And all of this comes on the heels of a State of the Union address in which the President declared war on ”the negative influence of the culture.” Is it any wonder some see a new age of censorship dawning? Says one CBS source, ”pixilators are operating at Code Red levels.”

Some bigwigs feel as if they’re watching a rerun. ”You can set your clock every four years for Washington to attack the world of Hollywood and TV,” says a former network president. One TV producer thinks industry honchos ”won’t change the programming because they know this will be over in three months, and it takes nine months to get programming through the pipeline. By then, this will be over.”

Ken Paulson, executive director of the First Amendment Center at Vanderbilt University, believes this congressional activity is mere nip service: ”Look at the Tipper Gore hearings [in the mid-’80s]. What came of that? Rap is as aggressive in content as ever.”

Such skepticism comes as no surprise to Michael Copps of the Federal Communications Commission (FCC), an agency famous for having more bark than bite: ”People don’t exactly quake in their boots about the FCC, but now they’re starting to perk up their ears a little bit, because they think there’s different sounds coming out of here — and there are.” Those sounds include a proposed bill — passed with wide bipartisan support by a congressional subcommittee — that would allow the FCC to raise indecency fines tenfold, to $275,000.

Copps would like to push even further. He maintains that the FCC, which is mandated to police only the broadcast airwaves, will soon be able to take on cable. ”If [cable networks] are running around blithely saying, ‘We’re exempt’ from regulations for indecency, I think they’re kidding themselves,” he says. But cable regulation may be too much for Congress. Rep. Fred Upton, the chairman of the House Subcommittee on Telecommunications and the Internet, who proposed this indecency bill two weeks before the Super Bowl, believes that cable may come up with a voluntary behavior code on its own. But, he adds, including cable in his indecency bill ”would probably raise some serious objections that could threaten [its] passage.”

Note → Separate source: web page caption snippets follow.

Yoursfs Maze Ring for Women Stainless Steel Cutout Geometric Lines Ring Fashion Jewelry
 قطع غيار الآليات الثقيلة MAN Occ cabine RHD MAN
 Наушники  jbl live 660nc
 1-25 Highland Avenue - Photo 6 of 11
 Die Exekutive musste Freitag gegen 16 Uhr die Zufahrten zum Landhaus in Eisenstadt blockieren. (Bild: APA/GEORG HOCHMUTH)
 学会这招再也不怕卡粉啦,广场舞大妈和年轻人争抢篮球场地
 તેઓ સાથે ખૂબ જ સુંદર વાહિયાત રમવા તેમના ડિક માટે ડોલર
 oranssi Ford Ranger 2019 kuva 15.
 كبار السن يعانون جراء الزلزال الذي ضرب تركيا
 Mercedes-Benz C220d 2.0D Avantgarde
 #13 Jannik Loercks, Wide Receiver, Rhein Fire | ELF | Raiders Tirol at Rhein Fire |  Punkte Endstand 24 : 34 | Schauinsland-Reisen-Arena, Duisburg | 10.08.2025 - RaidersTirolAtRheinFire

The FCC’s ultimate threat has always been to revoke a network or radio station’s license, a red flag Copps and Upton both plan on raising more often…although at varying heights. ”Sending something to a license revocation hearing would convince folks that we’re serious,” says Copps. ”You only have to do that once or twice, and the level of our entertainment would probably go up strikingly.” Upton isn’t quite as steadfast: ”One of the things we may look at, if you’re a repeat offender, [is] a discussion about going through a license revocation proceeding — not necessarily happening, but at least sending it to a panel.”